Iris printers have also been used since the late Eighties as final output digital printing devices in the production of fine art high-resolution color accurate reproductions on various media, including paper, canvas, silk, linen and other textiles. In this process the original photographic negative or print is scanned into a computer, then printed with an Iris inkjet printer. The prints can be produced on a variety of artist's papers. The paper is wrapped around the printer's drum, which rotates at a high speed while a set of nozzles distributes inks of the four process colors - cyan, magenta, yellow, and black. Iris technology was first developed as a proofing process by commercial offset printers. The high quality of the process was noticed in the early Eighties by two pioneers of Iris printing: famed musician, photographer and collector Graham Nash, owner of Nash Editions, and Jon Cone, of Cone Editions, who then developed inks that expanded the color range and archival quality of Iris prints.

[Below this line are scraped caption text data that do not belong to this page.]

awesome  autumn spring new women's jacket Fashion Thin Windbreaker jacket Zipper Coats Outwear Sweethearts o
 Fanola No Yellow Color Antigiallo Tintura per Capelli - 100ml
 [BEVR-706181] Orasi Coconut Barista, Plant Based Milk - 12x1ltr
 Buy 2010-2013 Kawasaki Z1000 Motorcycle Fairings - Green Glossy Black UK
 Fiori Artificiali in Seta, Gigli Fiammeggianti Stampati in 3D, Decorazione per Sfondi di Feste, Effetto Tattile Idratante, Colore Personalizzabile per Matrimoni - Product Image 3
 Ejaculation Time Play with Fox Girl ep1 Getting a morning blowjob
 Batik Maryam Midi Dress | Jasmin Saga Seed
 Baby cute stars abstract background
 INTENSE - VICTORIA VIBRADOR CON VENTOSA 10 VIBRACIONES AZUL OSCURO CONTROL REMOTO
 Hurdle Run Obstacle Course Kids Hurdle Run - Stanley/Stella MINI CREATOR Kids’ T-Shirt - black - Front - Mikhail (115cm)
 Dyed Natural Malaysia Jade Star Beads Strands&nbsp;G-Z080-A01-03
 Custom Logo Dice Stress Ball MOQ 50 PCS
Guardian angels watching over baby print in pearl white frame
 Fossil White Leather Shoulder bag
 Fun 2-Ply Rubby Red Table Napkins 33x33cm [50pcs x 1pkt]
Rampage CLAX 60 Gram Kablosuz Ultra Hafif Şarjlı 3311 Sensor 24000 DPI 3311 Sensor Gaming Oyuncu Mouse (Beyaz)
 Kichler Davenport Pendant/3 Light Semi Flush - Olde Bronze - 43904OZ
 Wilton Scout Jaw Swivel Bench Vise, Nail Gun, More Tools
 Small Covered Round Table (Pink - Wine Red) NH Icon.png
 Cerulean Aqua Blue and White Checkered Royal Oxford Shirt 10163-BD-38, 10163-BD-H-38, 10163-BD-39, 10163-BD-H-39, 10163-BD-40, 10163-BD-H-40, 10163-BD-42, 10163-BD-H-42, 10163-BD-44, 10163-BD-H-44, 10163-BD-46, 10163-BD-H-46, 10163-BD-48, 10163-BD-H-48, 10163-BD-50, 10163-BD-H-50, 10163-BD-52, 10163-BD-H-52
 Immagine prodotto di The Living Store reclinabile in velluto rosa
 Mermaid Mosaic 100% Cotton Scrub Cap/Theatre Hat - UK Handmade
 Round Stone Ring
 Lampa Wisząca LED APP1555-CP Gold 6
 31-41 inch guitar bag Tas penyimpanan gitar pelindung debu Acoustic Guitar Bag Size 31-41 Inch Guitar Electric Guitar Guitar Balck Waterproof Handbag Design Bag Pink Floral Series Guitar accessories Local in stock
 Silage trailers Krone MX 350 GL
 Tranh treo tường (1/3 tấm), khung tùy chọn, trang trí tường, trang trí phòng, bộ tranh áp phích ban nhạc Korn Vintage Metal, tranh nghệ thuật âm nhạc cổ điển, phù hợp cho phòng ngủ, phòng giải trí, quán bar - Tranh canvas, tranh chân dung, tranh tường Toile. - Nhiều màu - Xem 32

In the 2010s the Iris printer was for the most part superseded in the fine art printing business by Epson and other large-format printers that are much cheaper than the Iris and use inks designed to be archival.

LAMBDA PRINT

With this technique prints can be exposed using digital exposure systems, yielding a digital C-Type print (sometimes called a Lambda print or LightJet print). The LightJet and the Lambda both use RGB lasers to expose light-sensitive material to produce a latent image that is then developed using conventional silver based photographic chemicals and paper. This process allows consistent reproduction of large run editions with the same quality as traditional print techniques.

VINTAGE PRINTS

Vintage print is a market term, current since the Seventies, denoting a photographic print made within about five years of the negative's creation. It is much more valuable than prints done later in the photographer's life, or posthumous estate prints. The vintage print's special aura among dealers and collectors derives partly from its greater rarity (except, usually, in the case of contemporary work); partly from the sense that it encapsulates the photographer's original vision, and results from technical choices available when the picture was taken.

LIMITED EDITIONS

In the late 20th century it became increasingly common for photographers, like printmakers, to produce limited editions of their prints. Some of the great photographers, such as Nino Migliori or Lee Friedlander, have refused to limit their editions, probably because it's anti-democratic and inorganic, not in keeping with the true nature of the medium. Truth is these days collectors are more likely to buy prints from limited editions for investment potential, and the smaller the edition, the bigger its value. We make sure that in this site limited edition or uneditioned prints are carefully indicated.